You raise one of the most important issues about long-term investing, and there is nothing ignorant about this question. All three alternatives you mention are viable, but may not be the best for you. Here are a couple of key things to consider:


Time horizon – How long do you have until you will need to use the funds? For example, someone who is 35 years old, would have a long time-horizon, assuming they plan to retire at age 65. Someone less than ten years away from retirement would have a shorter time-horizon. In general, the farther away the goal is, the more risk or volatility you can assume. The ability to take on more risk is often referred to as “Risk Capacity”.


Risk tolerance – This is different from risk capacity. Although someone may have 30 years until retirement, and be “capable” of taking on more risk in their portfolio, they may not be able to sleep well at night knowing they are taking on more risk. It is human nature for most folks to avoid unnecessary risk, so understanding that you may have the capacity to do take on more risk may help with the emotions.

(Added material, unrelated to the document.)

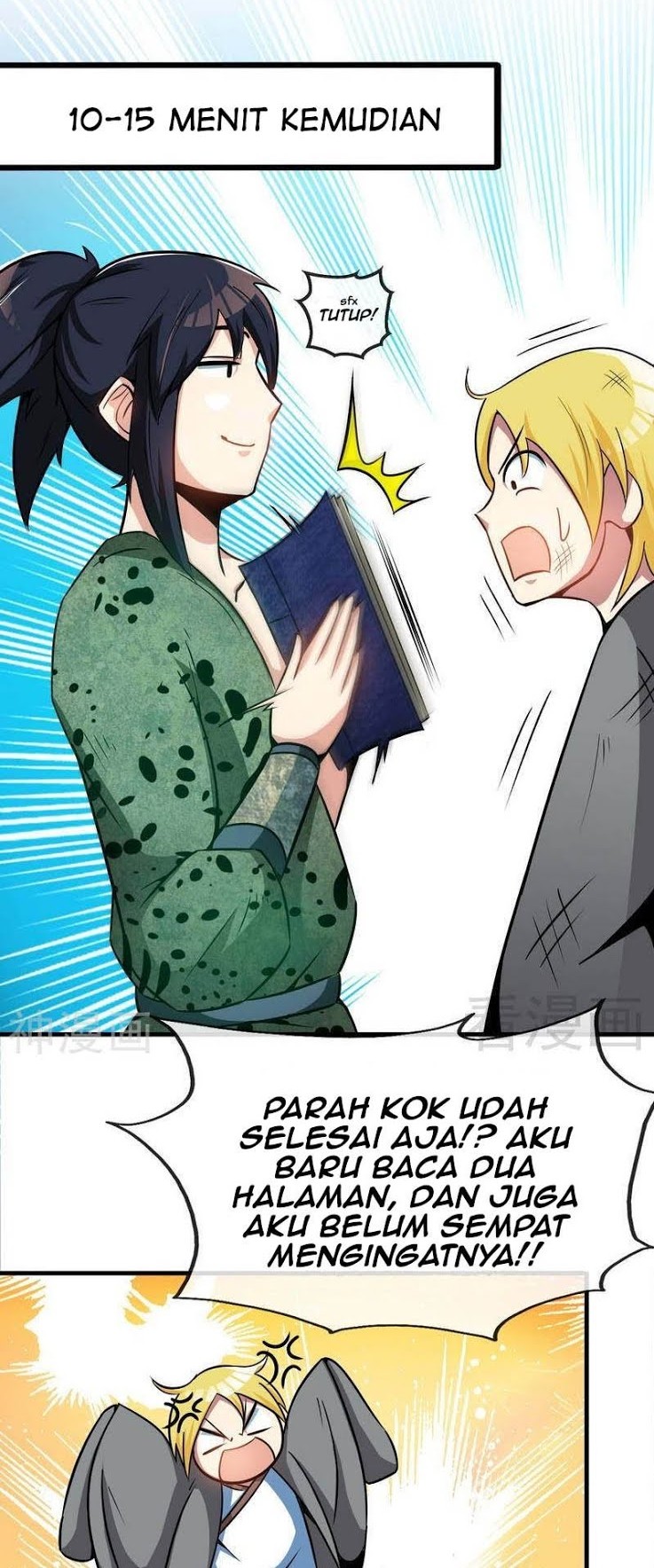 Extreme God Chapter 17 - halaman 15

Market timing –  Not only do you have to time your exits from the market, but to guess when to get back in as well. An often used saying about market timing goes like this: “Investing for the long-run but listening to market news every day is like a person walking up a big hill with a yo-yo, and fixating on the yo-yo instead of the hill.”


The bottom line is to tune out all the “financial noise” that can derail your long-term planning. It’s hard to do, but remember the basics: understand the time-horizon for your goal(s), have an asset allocation that is appropriate for your risk capacity and risk tolerance, and manage the allocation over time as the time-horizon or your risk capacity/tolerance changes. Focus on the hill, not the yo-yo.